## Exercise
Excluding any images, copy all of the lines below precisely as written.

[Brief descriptive captions]
----

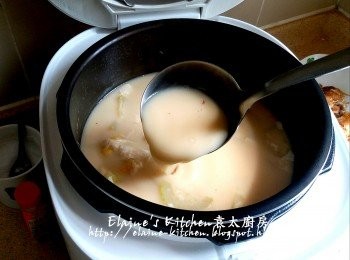 step11: 最後加少許鹽及胡椒粉調味拌勻即可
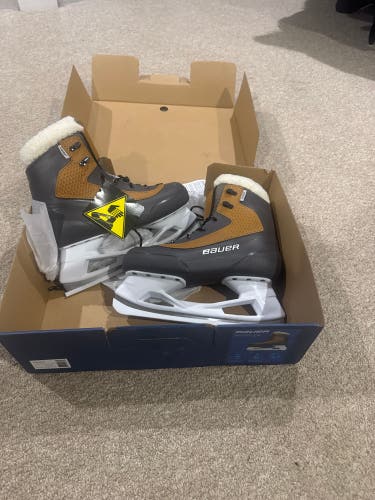 New Senior Bauer  Womans 8 Whistler Hockey Skates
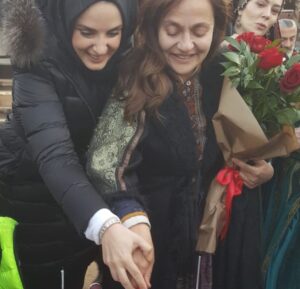 Didem Balçın Instagram - 8 sene önce kapıdan girdiğimde çok sevdiğim @metingunay’ı görmemle başladı hikayem. Genç ve çok yetenekli,  çok dolu bir yapımcı olan @mehmetbozdag önce tarih bilgisiyle beni büyüledi sonra da projesi ve teklif ettiği rolle. Kötü dediğimiz hemde çok kötü dediğimiz bir karakterdi Selcan. Bu yüzden de beni heyecanlandırmıştı. Sonrasını siz daha iyi biliyorsunuz. 
8 senede çok güzel dostluklar kazandım. Bir sürü yeni dostum oldu. Bir sürü yeni oyuncuyla tanışma fırsatı buldum. Onları bol bol gözlemledim. Çok fazla şey öğrendim sayelerinde. Canım @aslizeyneppekerbozdag hep yanımda destek oldu. Diyaloglarıyla , dostluğuyla.. Ekibimiz o kadar güzeldi ki.. Bu dizi aile olmam da bana Uğur getirdi. Eşim hep arkamda destekledi beni. Bir oğlum oldu . Bir sürü mucize getirdi bana yani.. Beni tanıyanlar bilir sevdiğimi de sevmediğimi de net gösteririm. O yüzden burdan tüm sevdiklerime kucak dolusu teşekkürler.. kalbimde en değerli yerde Selcan ve @bozdagfilm in bu mükemmel projesi. 20 Li yaşlardan 90 lı yaşlara uzanan bir rolü oynamak herkese nasip olmaz. Tüm kalbimle 🙏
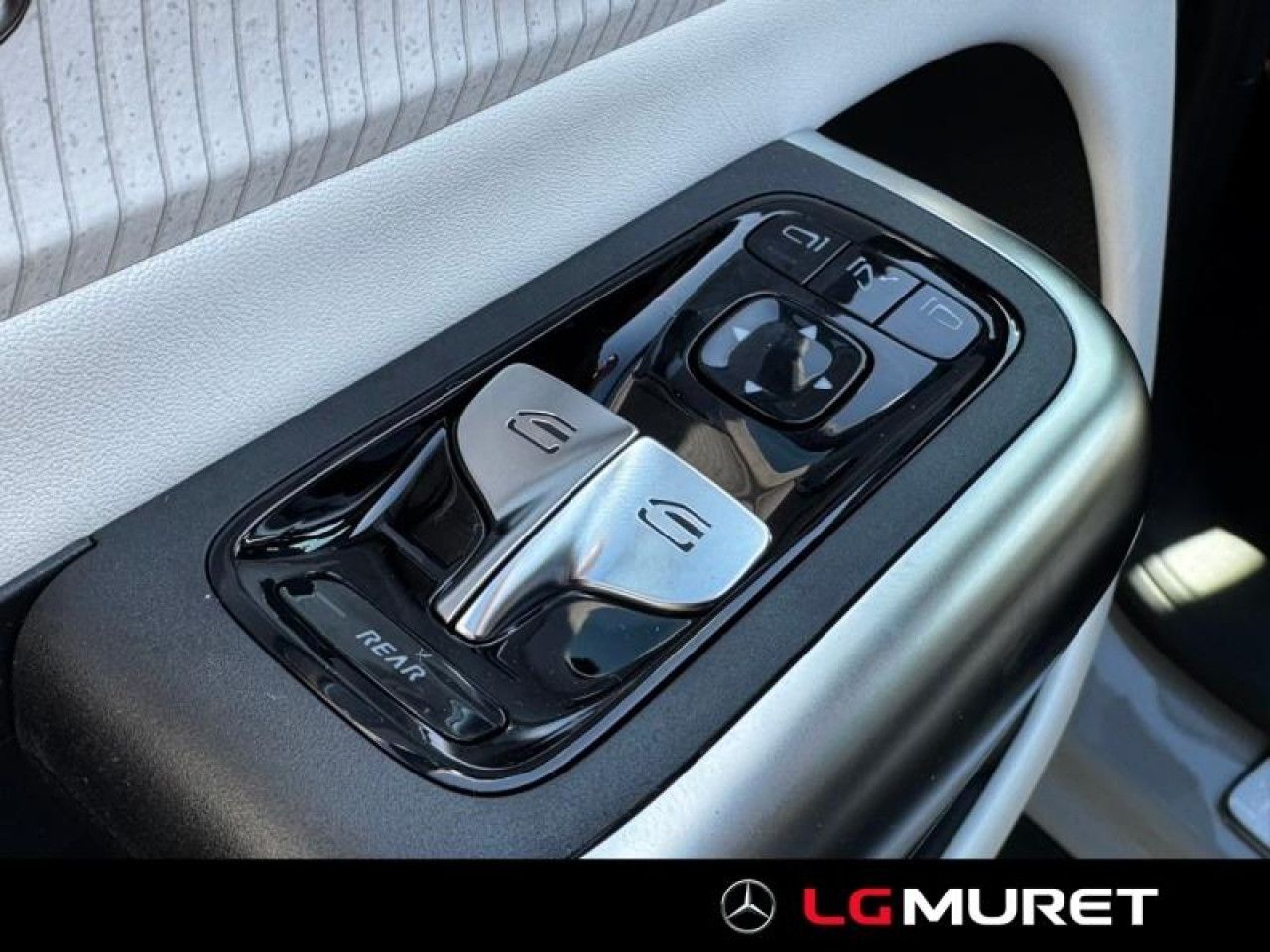 Photo du v&eacute;hicule 18 / 18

----

## Response below
 step11: 最後加少許鹽及胡椒粉調味拌勻即可
 New Senior Bauer  Womans 8 Whistler Hockey Skates
 Didem Balçın Instagram - 8 sene önce kapıdan girdiğimde çok sevdiğim @metingunay’ı görmemle başladı hikayem. Genç ve çok yetenekli,  çok dolu bir yapımcı olan @mehmetbozdag önce tarih bilgisiyle beni büyüledi sonra da projesi ve teklif ettiği rolle. Kötü dediğimiz hemde çok kötü dediğimiz bir karakterdi Selcan. Bu yüzden de beni heyecanlandırmıştı. Sonrasını siz daha iyi biliyorsunuz. 
8 senede çok güzel dostluklar kazandım. Bir sürü yeni dostum oldu. Bir sürü yeni oyuncuyla tanışma fırsatı buldum. Onları bol bol gözlemledim. Çok fazla şey öğrendim sayelerinde. Canım @aslizeyneppekerbozdag hep yanımda destek oldu. Diyaloglarıyla , dostluğuyla.. Ekibimiz o kadar güzeldi ki.. Bu dizi aile olmam da bana Uğur getirdi. Eşim hep arkamda destekledi beni. Bir oğlum oldu . Bir sürü mucize getirdi bana yani.. Beni tanıyanlar bilir sevdiğimi de sevmediğimi de net gösteririm. O yüzden burdan tüm sevdiklerime kucak dolusu teşekkürler.. kalbimde en değerli yerde Selcan ve @bozdagfilm in bu mükemmel projesi. 20 Li yaşlardan 90 lı yaşlara uzanan bir rolü oynamak herkese nasip olmaz. Tüm kalbimle 🙏
 Photo du v&eacute;hicule 18 / 18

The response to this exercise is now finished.